**Work task:** In the data below, find the line with "Детский костюм для фотосесии или садика" and the line with "和光堂 具たっぷりグーグーキッチン やわらか牛肉の肉じゃが 80g", then restate both and every line between them exactly, minus the pictures.

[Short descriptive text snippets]
===============
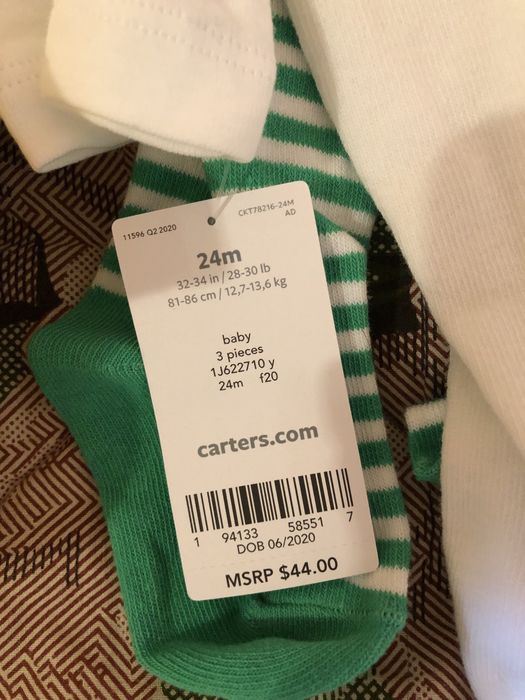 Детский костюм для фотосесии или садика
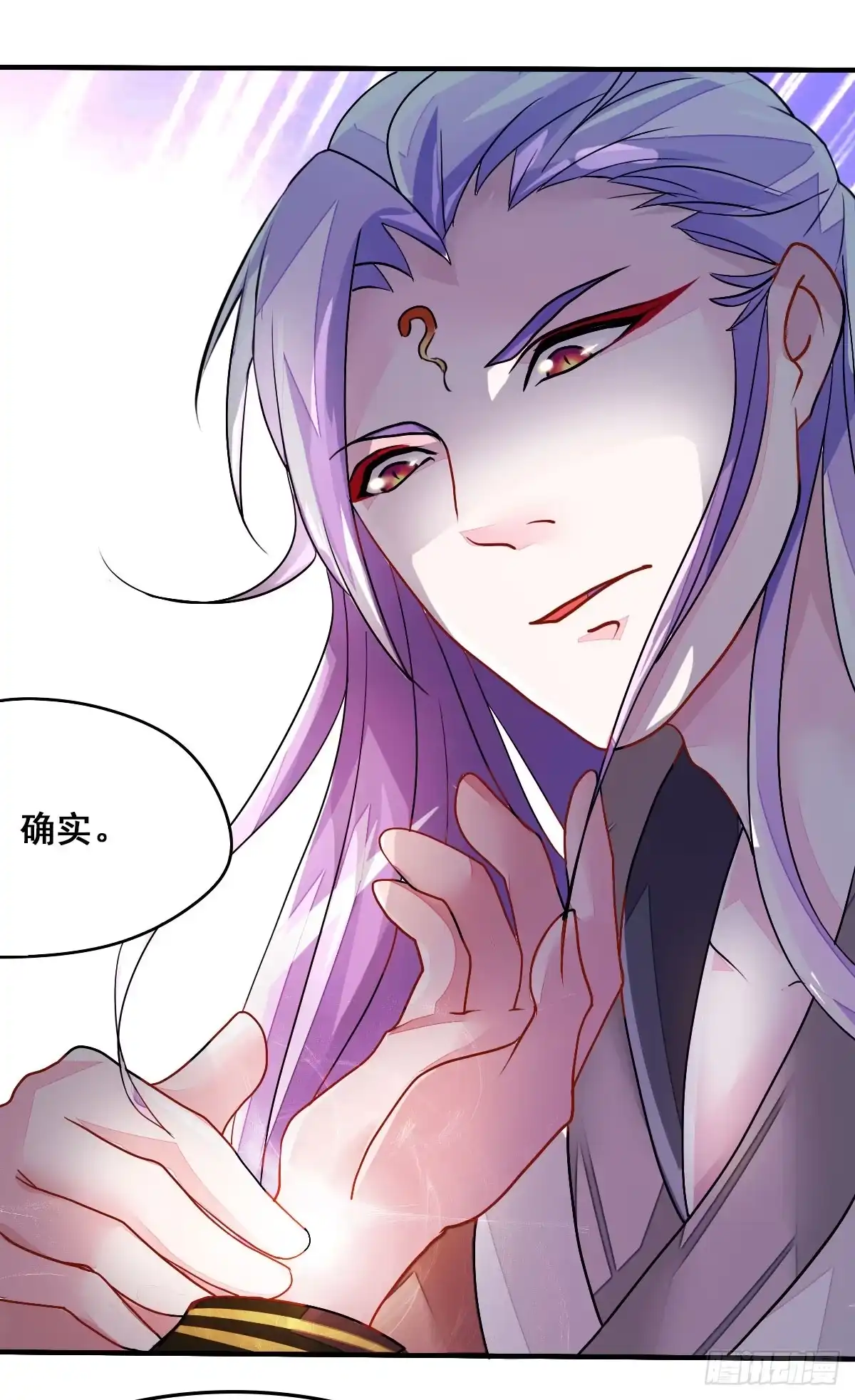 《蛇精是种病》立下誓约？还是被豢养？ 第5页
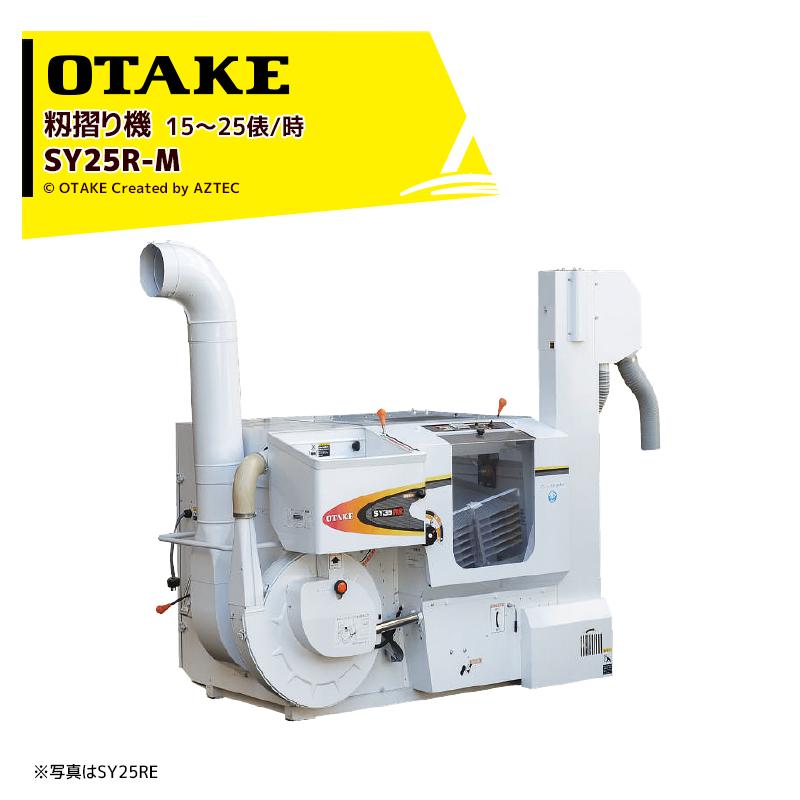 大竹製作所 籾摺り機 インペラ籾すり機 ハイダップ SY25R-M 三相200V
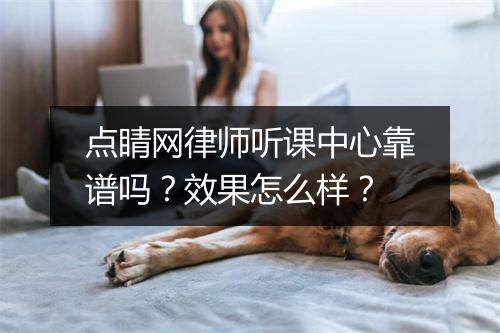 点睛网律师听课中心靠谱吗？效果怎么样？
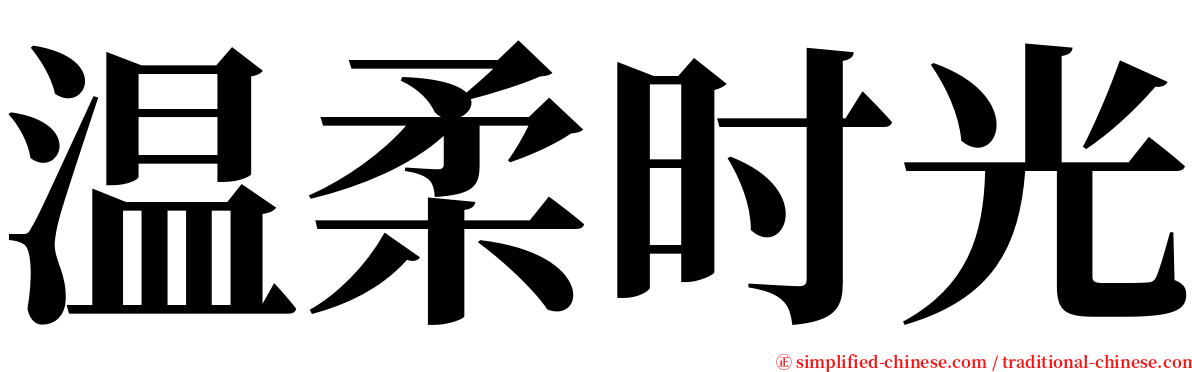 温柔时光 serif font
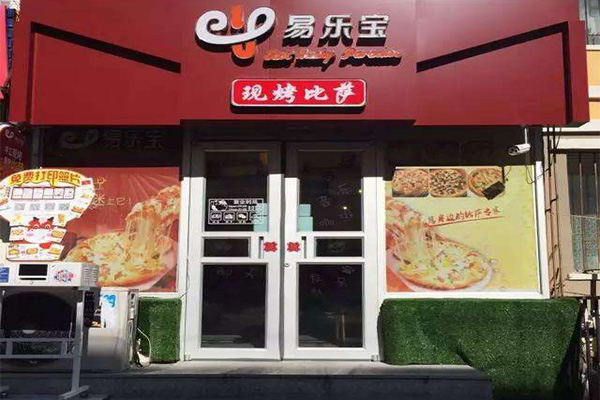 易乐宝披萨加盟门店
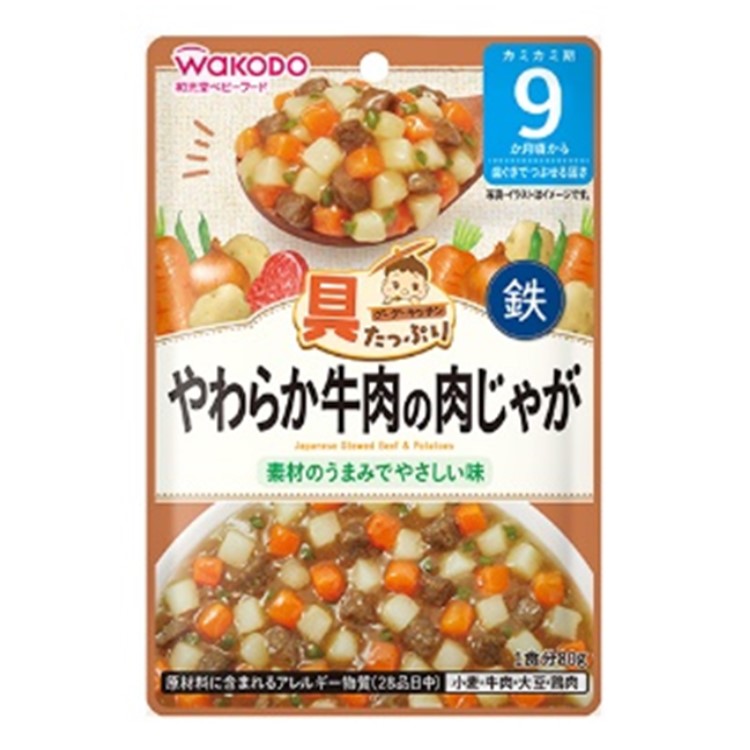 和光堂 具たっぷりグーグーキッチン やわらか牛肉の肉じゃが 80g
===============
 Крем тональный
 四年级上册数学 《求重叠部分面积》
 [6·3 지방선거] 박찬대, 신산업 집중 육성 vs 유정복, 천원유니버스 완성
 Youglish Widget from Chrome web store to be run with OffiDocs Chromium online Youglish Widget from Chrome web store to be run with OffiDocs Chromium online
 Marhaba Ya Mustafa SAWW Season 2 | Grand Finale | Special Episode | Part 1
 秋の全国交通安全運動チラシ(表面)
===============
**Response area:**
 Детский костюм для фотосесии или садика
 《蛇精是种病》立下誓约？还是被豢养？ 第5页
 大竹製作所 籾摺り機 インペラ籾すり機 ハイダップ SY25R-M 三相200V
 点睛网律师听课中心靠谱吗？效果怎么样？
 温柔时光 serif font
 易乐宝披萨加盟门店
 和光堂 具たっぷりグーグーキッチン やわらか牛肉の肉じゃが 80g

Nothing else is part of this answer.